American baseball player (1900–1982)

Anthony Spencer Harris (August 12, 1900 – July 3, 1982) was an American professional baseball player who appeared in 164 games in Major League Baseball for the Chicago White Sox (1925–26), Washington Senators (1929), and Philadelphia Athletics (1930). Notably, Harris played for all or parts of 26 seasons in minor league baseball (1921–24; 1927–48), appearing in over 3,100 games.

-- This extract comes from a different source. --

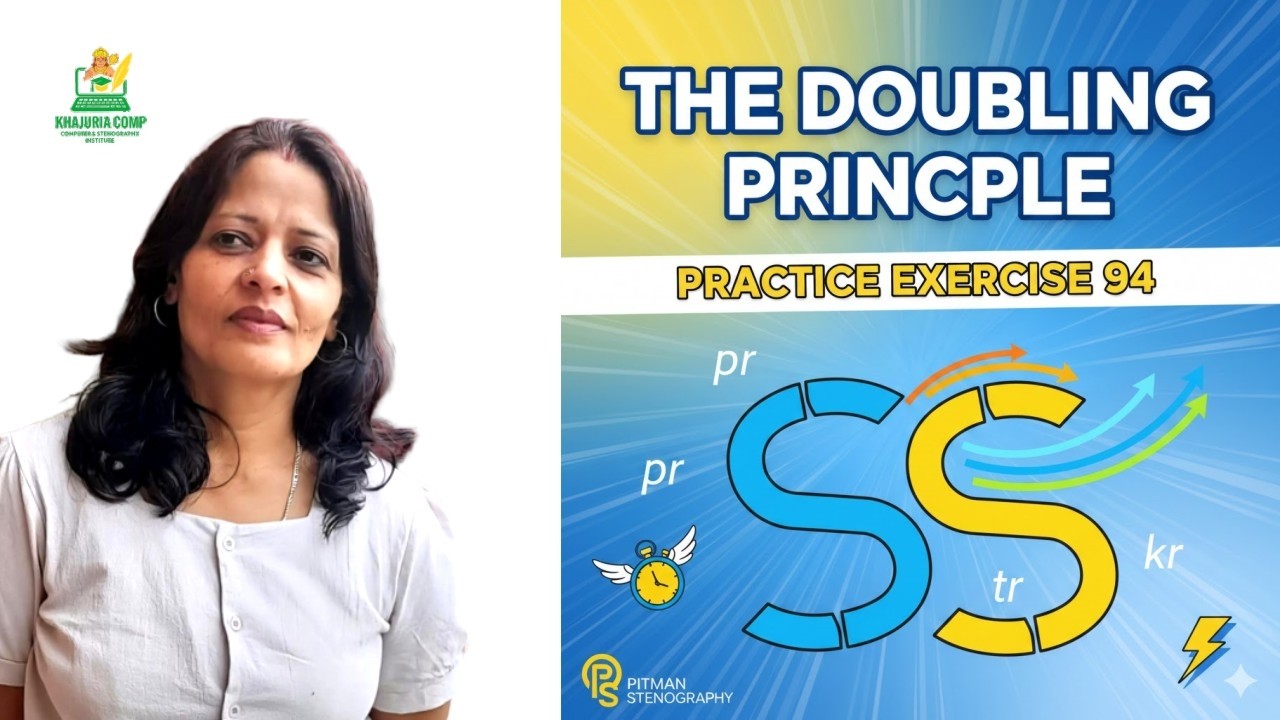 (64) The Doubling Principle – Practice Exercise 94 | Pitman Stenography Speed Mastery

Born in Duluth, Minnesota, Harris threw and batted left-handed, stood 5 ft 9 in tall and weighed 145 lb. As a big-leaguer, he collected 94 hits, including 15 doubles, three triples and three home runs in two full seasons (as a member of the White Sox) and parts of two others. He hit.249 with 46 runs batted in.

Harris hit.330 in his final season as a 47-year-old outfielder for the Yakima Packers in 1948. He holds the all-time minor league records for at bats (11,377), hits (3,617), runs scored (2,287), and doubles (743), and ranks fourth all-time with 1,769 RBI.

Harris lived on Oak Grove Avenue in Minneapolis. He died on July 3, 1982, at University Hospitals in Minneapolis. He was buried in Lakewood Cemetery.